When the panel is done, its recommendations should mean fewer pages of acquisition regulations, not more. Contracting officers should have more discretion accordingly, enabled by the increased attention to acquisition tradecraft and professionalism, key principles in DoD’s Better Buying Power, and through Carter’s DoD/industry exchange program. Panel recommendations should include making acquisition of commercial items for defense resemble commercial transactions in the private sector. IP should be retained by the innovator for all inventions and technology he funds except that required for operations and field repair. Mixed funding should be addressed by negotiation. Modular open systems architecture is a good idea, but it too should be used as a management tool, and not legislated.  

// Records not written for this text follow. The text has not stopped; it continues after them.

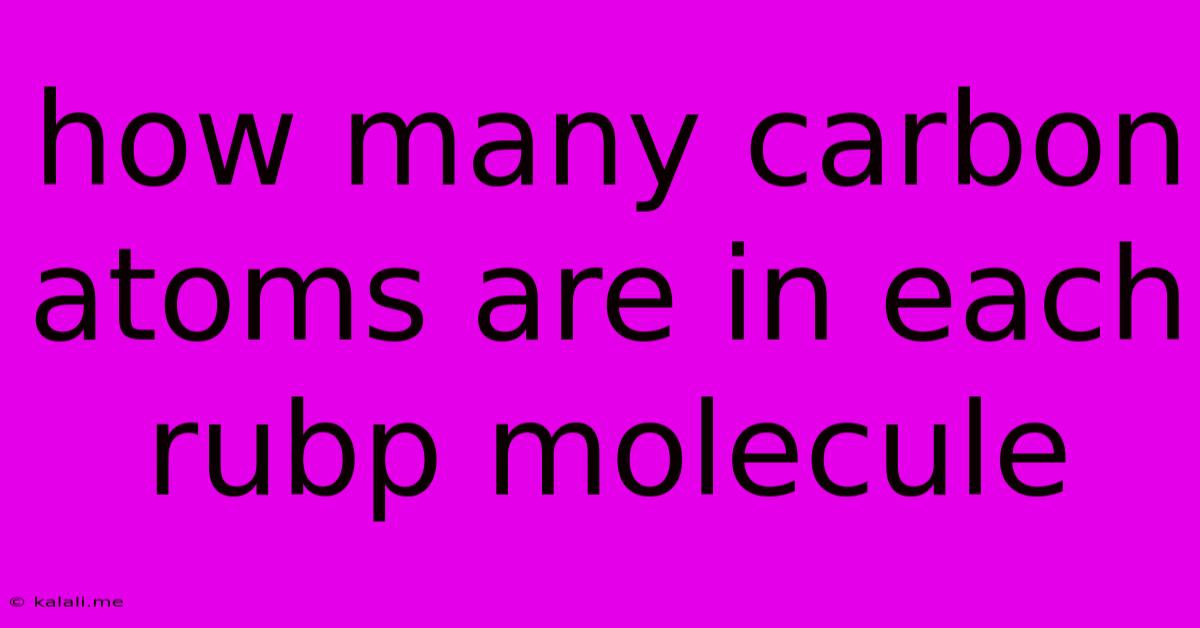How Many Carbon Atoms Are In Each Rubp Molecule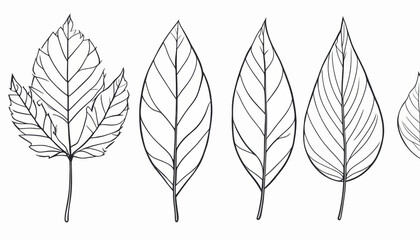 Obraz premium Collection of Detailed Line Drawings of Various Leaves Botanical Illustration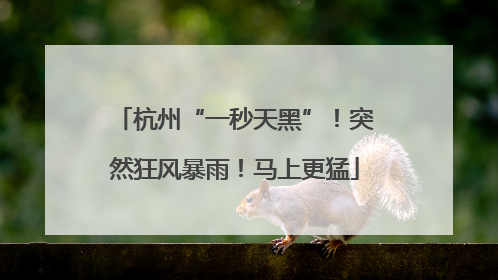 杭州“一秒天黑”！突然狂风暴雨！马上更猛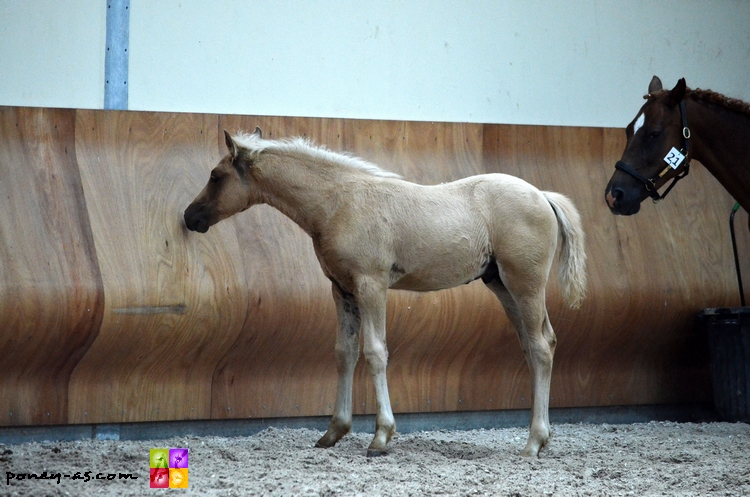 Joly's Bonnie suitée de Dgeidai des Fougeres par Ubiwan des Collines - ph. Camille Kirmann Joly's Bonnie suitée de Dgeidai des Fougeres par Ubiwan des Collines - ph. Camille Kirmann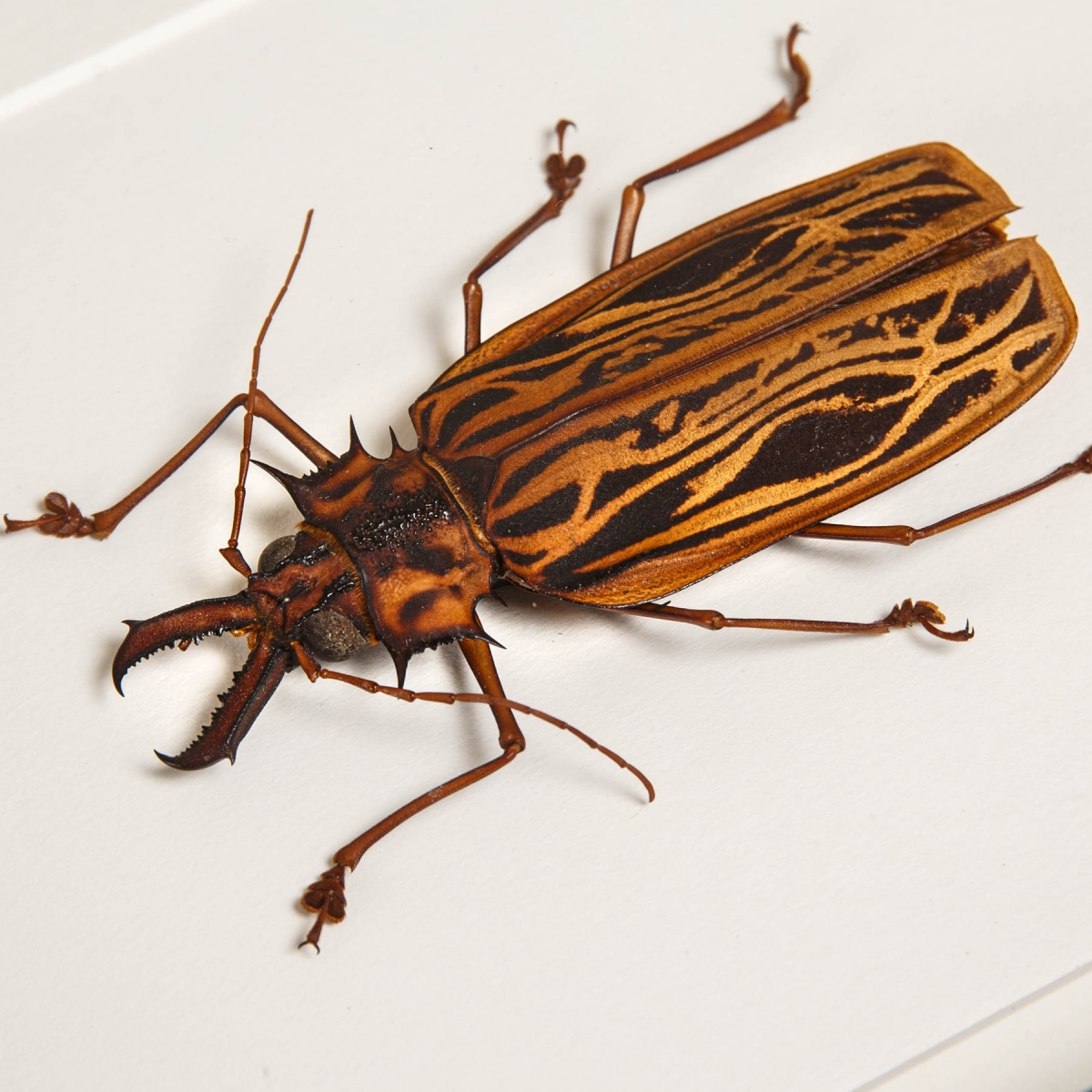Sabertooth Longhorn beetle In Box Frame (Macrodontia cervicornis)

In the more flexible acquisition environment described here, given that DoD often uses its equipment and services longer than typical of commercial users, it is fair to ask what provisions should be made for cases when the OEM moves on or becomes insolvent. This situation is rare for military equipment, more common for commercial equipment or software, which are typically under continuous improvement, and developers at some point end support of older versions. DoD’s first instinct should be to upgrade selectively to remain current and take advantage of new capabilities. If that is not possible, then some negotiation with the OEM for the needed IP must be made. In unusual circumstances, the IP would be compelled from the OEM but this should be intentionally difficult to do.

John Luddy, of the Aerospace Industries Association, is concerned about the creation of “fast lanes” for non-traditional contractors while traditional companies remain bogged down complying with the burden of the full acquisition process. He asks: “If the goal is streamlining, competition and speed, why not eliminate burdensome regulations for all contractors?” While DoD courts non-traditional contractors in a quest for innovation and relieves them of much of the bureaucracy of defense acquisition — at least temporarily — one might speculate that given similar relief for traditional contractors, the Pentagon might discover that the most innovative minds and companies already work for it.

Acquisition reform has been going on for decades. Progress has been elusive.  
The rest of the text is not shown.